I had high hopes for Egypt, but I got hosed by a couple of disasters (sent by other players) before it really got off the ground, so I ended up getting a few points but not being able to take over eastern Africa and part of the Saudi peninsula like I thought I would. I was getting ready to bring in the Vikings when the game ended.
Over the course of the age we saw one empire abandoned, one wiped out by disaster, a couple thrown into disorder, and almost no combat. I don't know how typical that is. I assume you get more combat in later ages when units can move farther.
We had agreed that we would pause at the end of the age or a certain time (whichever came first) and then decide how far to play. When we hit the age condition an hour before the time condition, we decided that stopping there made more sense than playing part of an age. So this meant we probably played for about five hours, not counting the teaching, and in that time one player advanced one age (seven positions on the progress tracker). The lead player on that tracker was not the winner, though; we saw a lot of card play (events) in the last round that really changed a lot of stuff.

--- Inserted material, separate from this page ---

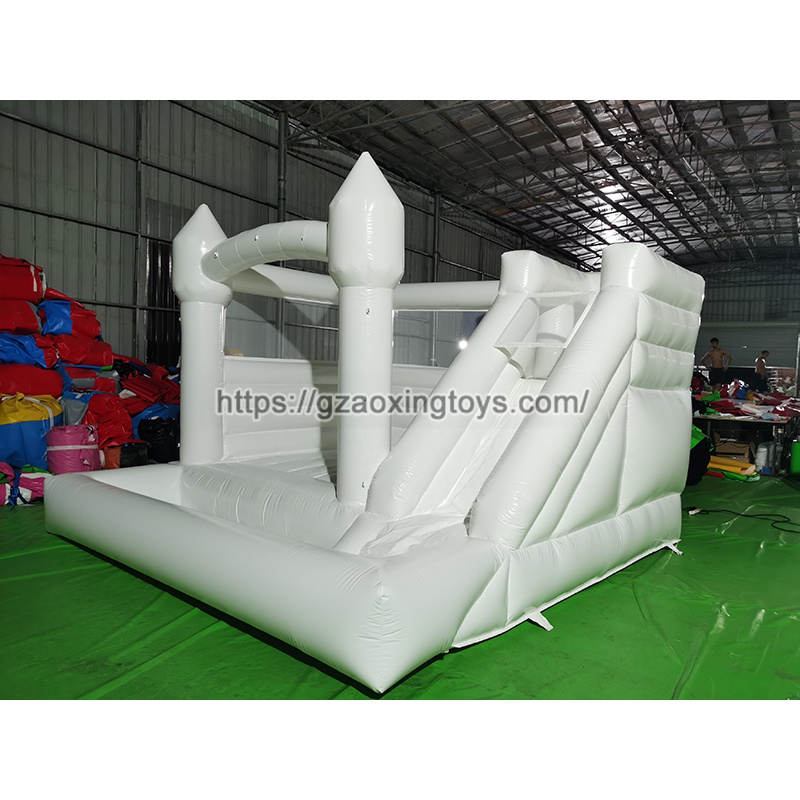 White Inflatable Bounce House With Slide And Ball Pit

The game was fun and I would definitely play again unders similar circumstances (one age or a reasonable time limit). I do not forsee having the stamina or interest to play a game running through all seven ages.
The game producers made some decisions that I would have made differently
were it my call.
First off, physically the game is put together badly. The board is very flimsy (glorified paper); I think we'll need to mount it on pieces of posterboard (or similar) before playing again. It wasn't lying flat due to the folds and it was way too easy to bump with unfortunate effects. The board is also huge; it occupied most of our dining-room table, meaning that we needed to use supplementary tray tables and chairs to hold the myriad small units.
You also have to be very careful when punching out the bazillions of cardboard pieces. We had a few that peeled apart in the process and had to be glued.
The art on some of the pieces is hard to understand. Fortunately, pieces are also numbered and you eventually learn that spearmen are 1s and archers are 3s and chariots are 8s and so on. (These numbers, by the way, specify your minimum position on the progress chart before you can bring them in. So if the game starts at age 2 (position 8) and your empire starts at -5, you're kind of limited. You always get spearmen and archers, though.)
The game has some unnecessary "variation for the sake of variation". Each of the 15 sets of playing pieces contains a slightly different mix of unit types. You always play the same pieces (once you start), though, so it's not like you can choose the chariot-heavy group for Egypt and then switch to the boat-heavy group for the Vikings and so on. We chose colors randomly, but I assume that people who play a lot would learn which colors have what make-ups and play accordingly. This adds nothing positive to the game in my opinion.
We found ourselves having to consult multi-page cheat sheets several times per round. These were cheat sheets that Dani printed out from somewhere; they didn't come with the game. Perhaps some better playing aids could have alleviated some of this need.
On the positive side, the rules, while long and sometimes too complicated, were not hard to understand. We did not find ourselves having to guess about what was meant.